[GitHub] [iceberg] nastra commented on a diff in pull request #4325: Spark:Skip corrupt files in Spark Procedures and Actions

via GitHub Tue, 28 Feb 2023 05:18:45 -0800


nastra commented on code in PR #4325:
URL: https://github.com/apache/iceberg/pull/4325#discussion_r1119993510



##########
docs/spark-procedures.md:
##########
@@ -425,11 +425,12 @@ By default, the original table is retained with the name 
`table_BACKUP_`.
 
 #### Usage
 
-| Argument Name | Required? | Type | Description |
-|---------------|-----------|------|-------------|
-| `table`       | ✔️  | string | Name of the table to migrate |
-| `properties`  | ️   | map<string, string> | Properties for the new Iceberg 
table |
-| `drop_backup` |   | boolean | When true, the original table will not be 
retained as backup (defaults to false) |
+| Argument Name   | Required? | Type | Description |
+|-----------------|-----------|------|-------------|
+| `table`         | ✔️        | string | Name of the table to migrate |
+| `properties`    | ️         | map<string, string> | Properties for the new 
Iceberg table |
+| `drop_backup`   |           | boolean | When true, the original table will 
not be retained as backup (defaults to false) |

Review Comment:
   nit: seems the `|` aren't aligned in the file itself (probably that doesn't 
make any difference to the final document when you look at it in the browser)



##########
spark/v3.3/spark/src/test/java/org/apache/iceberg/spark/actions/TestCreateActions.java:
##########
@@ -406,6 +408,76 @@ public void testMigrateUnpartitioned() throws Exception {
     assertMigratedFileCount(SparkActions.get().migrateTable(source), source, 
dest);
   }
 
+  @Test
+  public void testMigrateSkipOnError() throws Exception {
+    Assume.assumeTrue("Cannot migrate to a hadoop based catalog", 
!type.equals("hadoop"));
+    Assume.assumeTrue(
+        "Can only migrate from Spark Session Catalog", 
catalog.name().equals("spark_catalog"));
+    String source = sourceName("test_migrate_skip_on_error_table");
+    String dest = source;
+
+    File location = temp.newFolder();
+    spark.sql(String.format(CREATE_PARQUET, source, location));
+    CatalogTable table = loadSessionTable(source);
+    Seq<String> partitionColumns = table.partitionColumnNames();
+    String format = table.provider().get();
+
+    spark
+        .table(baseTableName)
+        .write()
+        .mode(SaveMode.Append)
+        .format(format)
+        .partitionBy(partitionColumns.toSeq())
+        .saveAsTable(source);
+
+    spark
+        .table(baseTableName)
+        .write()
+        .mode(SaveMode.Append)
+        .format(format)
+        .partitionBy(partitionColumns.toSeq())
+        .saveAsTable(source);
+
+    List<File> expectedFiles = 
expectedFiles(source).collect(Collectors.toList());
+
+    Assert.assertEquals("Expected number of source files", 2, 
expectedFiles.size());
+
+    // Corrupt the second file
+    File file = expectedFiles.get(1);
+    Assume.assumeTrue("Delete source file!", file.delete());
+    Assume.assumeTrue("Create a empty source file!", file.createNewFile());

Review Comment:
   I don't think we should be using `assumeTrue` here as that would silently 
skip the test.

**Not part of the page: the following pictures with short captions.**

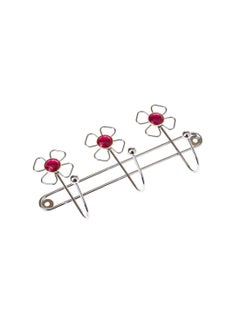 Buy Metal double wall hanger with flower decor in Saudi Arabia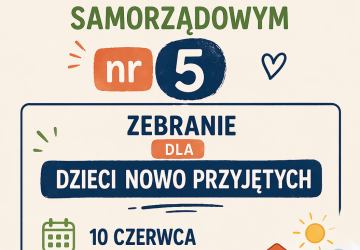 Zebranie dla rodziców dzieci nowo przyjętych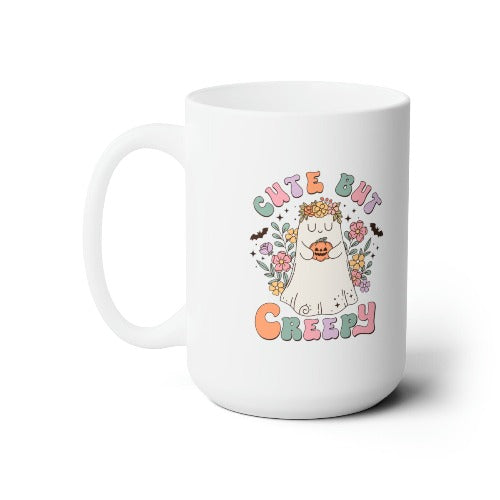 Cute but Creepy, Halloween themed 15oz Ceramic Mug - Premium Mug from WitchesInkCanada - Shop now at Crystals and Sun Signs Co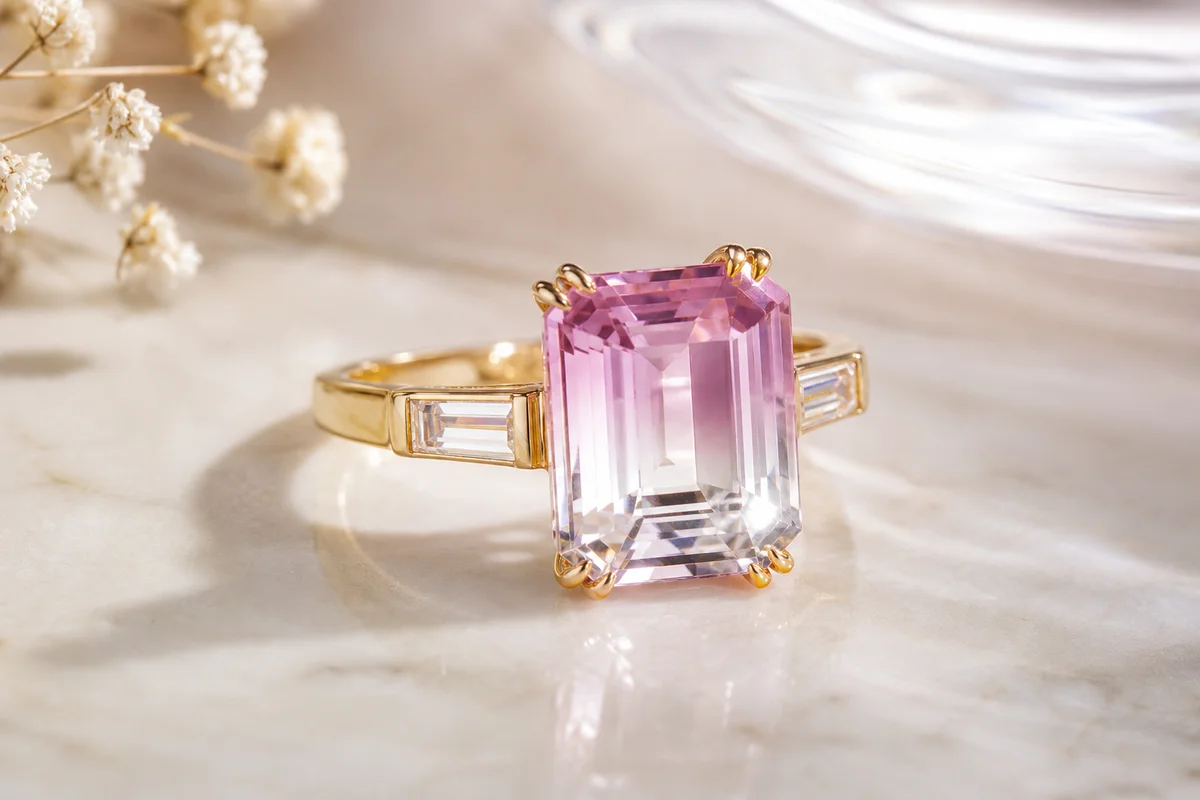 My Kunzite Ring Faded From Pink to Clear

I'd suggest to rather add an assertion here



##########
spark/v3.3/spark/src/test/java/org/apache/iceberg/spark/actions/TestCreateActions.java:
##########
@@ -406,6 +408,76 @@ public void testMigrateUnpartitioned() throws Exception {
     assertMigratedFileCount(SparkActions.get().migrateTable(source), source, 
dest);
   }
 
+  @Test
+  public void testMigrateSkipOnError() throws Exception {
+    Assume.assumeTrue("Cannot migrate to a hadoop based catalog", 
!type.equals("hadoop"));
+    Assume.assumeTrue(
+        "Can only migrate from Spark Session Catalog", 
catalog.name().equals("spark_catalog"));
+    String source = sourceName("test_migrate_skip_on_error_table");
+    String dest = source;
+
+    File location = temp.newFolder();
+    spark.sql(String.format(CREATE_PARQUET, source, location));
+    CatalogTable table = loadSessionTable(source);
+    Seq<String> partitionColumns = table.partitionColumnNames();
+    String format = table.provider().get();
+
+    spark
+        .table(baseTableName)
+        .write()
+        .mode(SaveMode.Append)
+        .format(format)
+        .partitionBy(partitionColumns.toSeq())
+        .saveAsTable(source);
+
+    spark
+        .table(baseTableName)
+        .write()
+        .mode(SaveMode.Append)
+        .format(format)
+        .partitionBy(partitionColumns.toSeq())
+        .saveAsTable(source);
+
+    List<File> expectedFiles = 
expectedFiles(source).collect(Collectors.toList());
+
+    Assert.assertEquals("Expected number of source files", 2, 
expectedFiles.size());

Review Comment:
   ```suggestion
       Assertions.assertThat(expectedFiles).hasSize(2);
   ```



##########
data/src/main/java/org/apache/iceberg/data/TableMigrationUtil.java:
##########
@@ -139,9 +213,18 @@ public static List<DataFile> listPartition(
                   buildDataFile(fileStatus.get(index), partitionKey, spec, 
metrics, "orc");
             });
       } else {
-        throw new UnsupportedOperationException("Unknown partition format: " + 
format);
+        if (skipOnError) {
+          LOG.warn("Skipping unknown partition format: {} - {}", format, 
partitionUri);
+        } else {
+          throw new UnsupportedOperationException(
+              "Unknown partition format: "

Review Comment:
   it would probably be better to use String.format here rather than string 
concatenation



##########
spark/v3.3/spark/src/test/java/org/apache/iceberg/spark/actions/TestCreateActions.java:
##########
@@ -406,6 +408,76 @@ public void testMigrateUnpartitioned() throws Exception {
     assertMigratedFileCount(SparkActions.get().migrateTable(source), source, 
dest);
   }
 
+  @Test
+  public void testMigrateSkipOnError() throws Exception {
+    Assume.assumeTrue("Cannot migrate to a hadoop based catalog", 
!type.equals("hadoop"));
+    Assume.assumeTrue(
+        "Can only migrate from Spark Session Catalog", 
catalog.name().equals("spark_catalog"));
+    String source = sourceName("test_migrate_skip_on_error_table");
+    String dest = source;
+
+    File location = temp.newFolder();
+    spark.sql(String.format(CREATE_PARQUET, source, location));
+    CatalogTable table = loadSessionTable(source);
+    Seq<String> partitionColumns = table.partitionColumnNames();
+    String format = table.provider().get();
+
+    spark
+        .table(baseTableName)
+        .write()
+        .mode(SaveMode.Append)
+        .format(format)
+        .partitionBy(partitionColumns.toSeq())
+        .saveAsTable(source);
+
+    spark
+        .table(baseTableName)
+        .write()
+        .mode(SaveMode.Append)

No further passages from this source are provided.